Parece-me que nem o “Vem” do PSD, nem esta “Troca” do PS (no meu entender pouco ética), vão fazer com que os jovens aceitem ficar por aqui e “trocar” as suas futuras pensões por um mísero “prato de lentilhas”, porque o que meterão ao bolso não vai dar para “poupar para a velhice”…

Apesar de ACC jurar que “a medida não se traduz em plafonamento das contribuições e das pensões”, não explica como é que se mantém a sustentabilidade financeira do sistema, em especial o reforço do financiamento do FEFSS.
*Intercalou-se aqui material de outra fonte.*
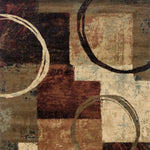 4inches x 6inches Brown and Black Abstract Geometric Area Rug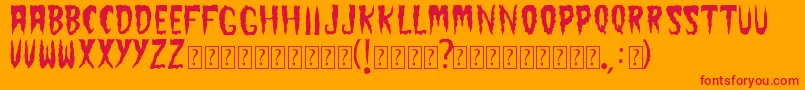 Fonte TheCramps – fontes vermelhas em um fundo laranja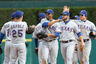 DETROIT, MI: Mitch Moreland #18 of the Texas Rangers celebrates with his teammates after defeating the Detroit Tigers 3-2 at Comerica Park in Detroit, Michigan (Photo by Leon Halip/Getty Images)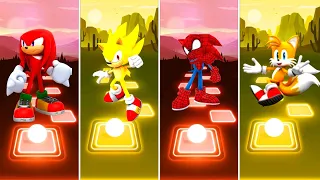 Knuckles Sonic 🆚 Super Sonic 🆚 Spider Man Sonic 🆚 Tails Sonic | Sonic Team Tiles Hop EDM Rush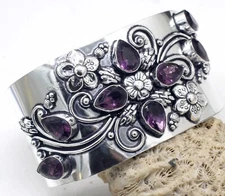 925 Sterling Silver Purple Amethyst Gemstone Jewelry Cuff Bracelet Size-ADJ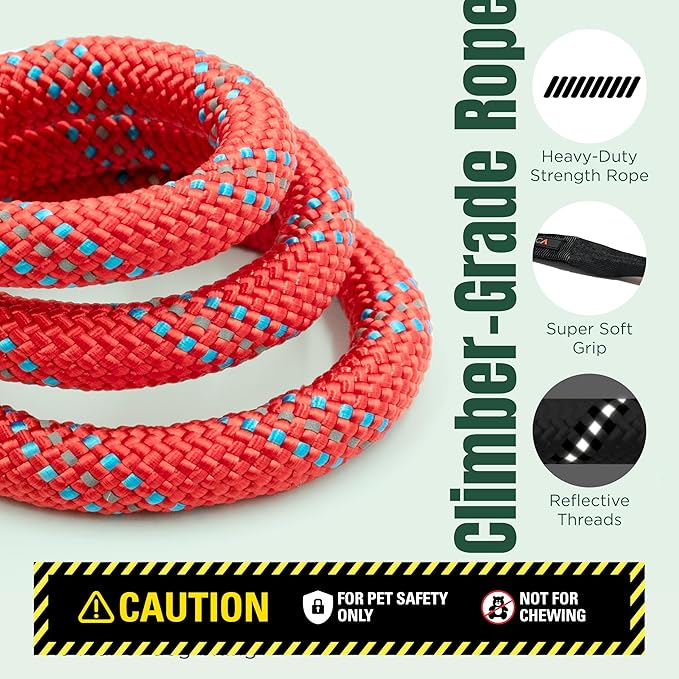 Dog Seat Belt for Car | Universal Pet Car Seatbelt with Reflective Climbing Rope, Aviation Aluminum Carabiner with 360° Swivel & Auto-Lock, Secure Safety Restraint (Canyon Red 360°)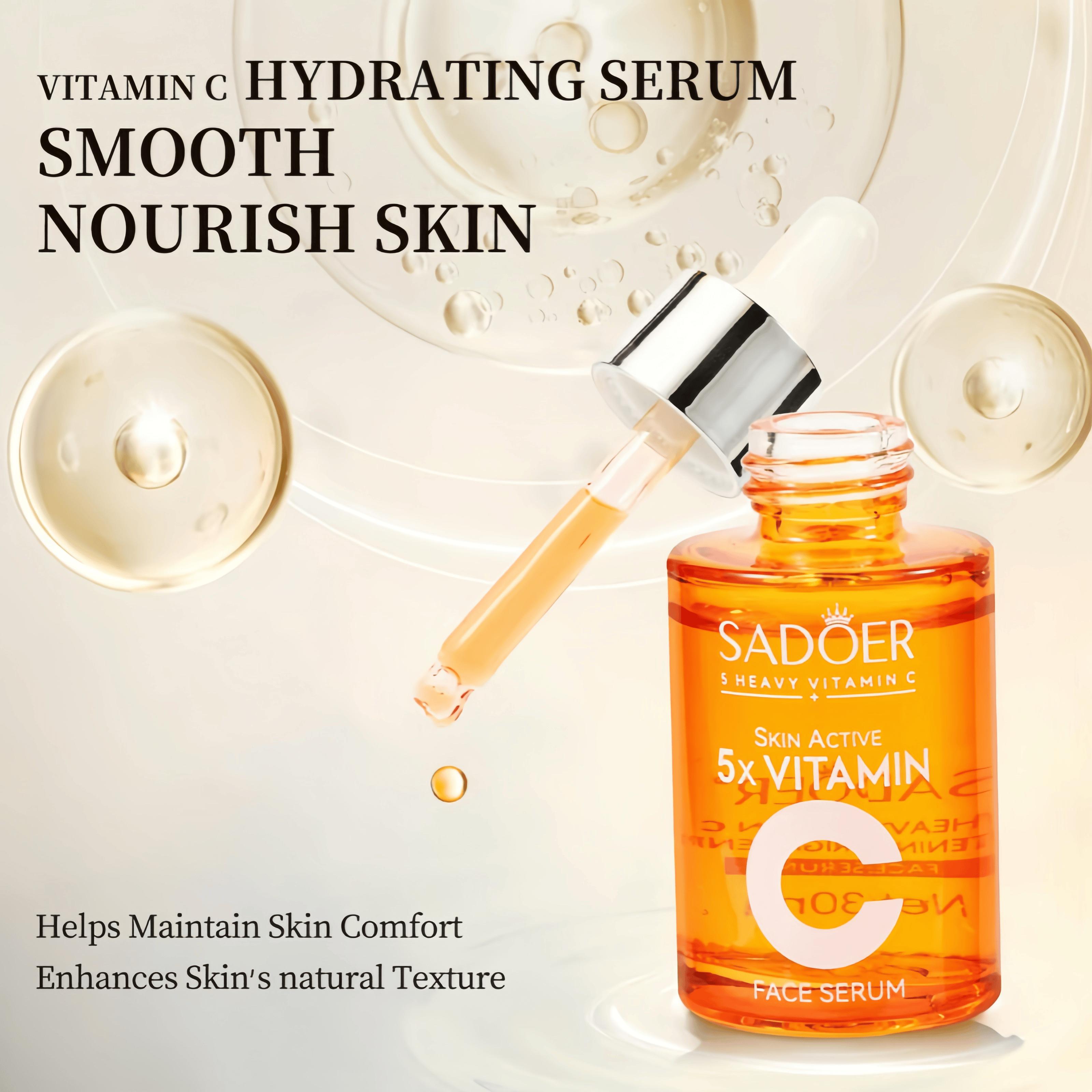 [Buy 1 Get 2 Free] 5x Vitamin C Face Serum Korean Vitamin C Face TonerSerum 5 En 1 Moisturizing & Nourishing Serum 30ml for Comprehensive Skincare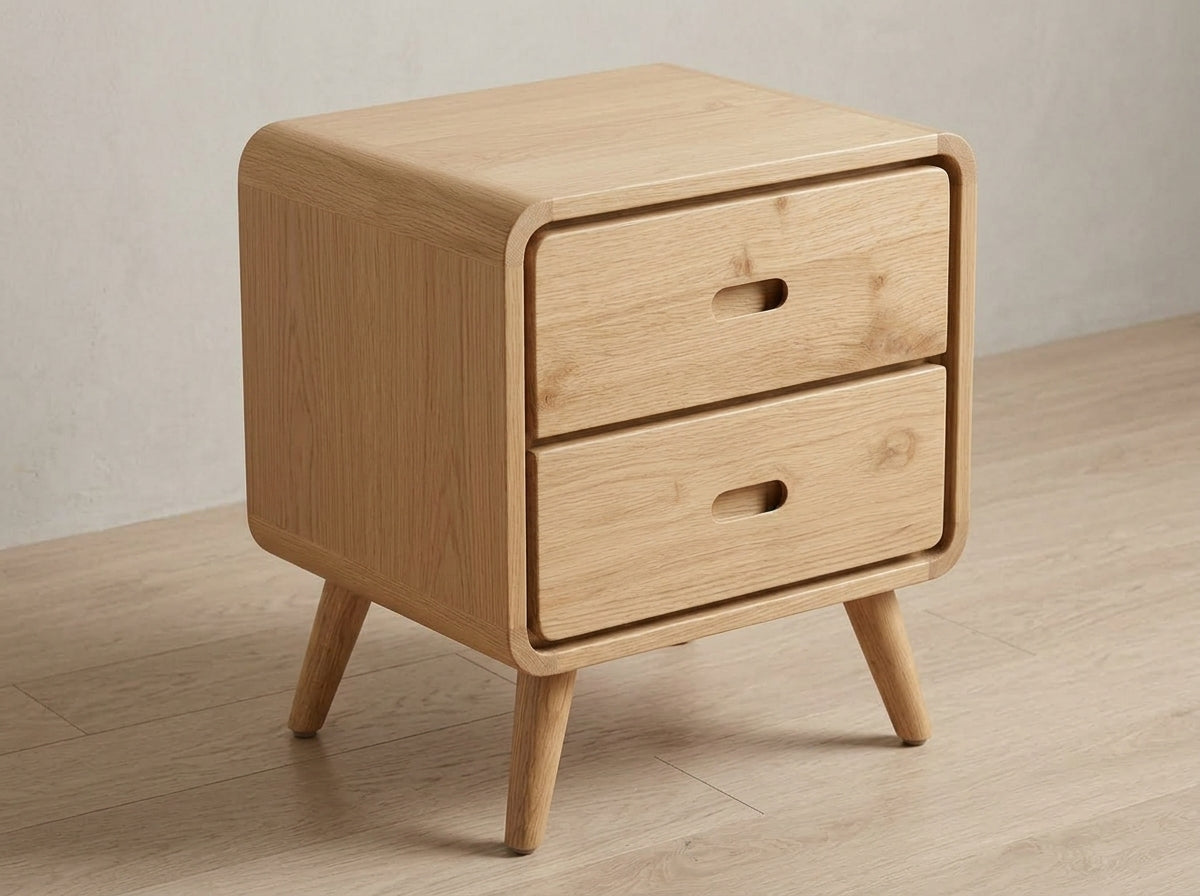 Teak bed side table AD 2 Drawer – boho furniture handcrafted in Bali by BaliSouk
Mas ACC confessa mais adiante, no mesmo artigo, que a reforma da Segurança Social “pode ser feita por reais instrumentos… como seja a transformação do sistema de pay as you go num sistema de capitalização nocional ou virtual…”

Ora aqui está, afinal, o gato inteiro: a transformação de um sistema de repartição (“pay as you go”) num sistema de capitalização (de opções, futuros ou outros instrumentos derivados), ou seja: transformação da protecção social pública, de solidariedade, numa protecção individual, em capitalização, enfim num mero “produto financeiro“, para engordar o mercado financeiro e a especulação que a gere!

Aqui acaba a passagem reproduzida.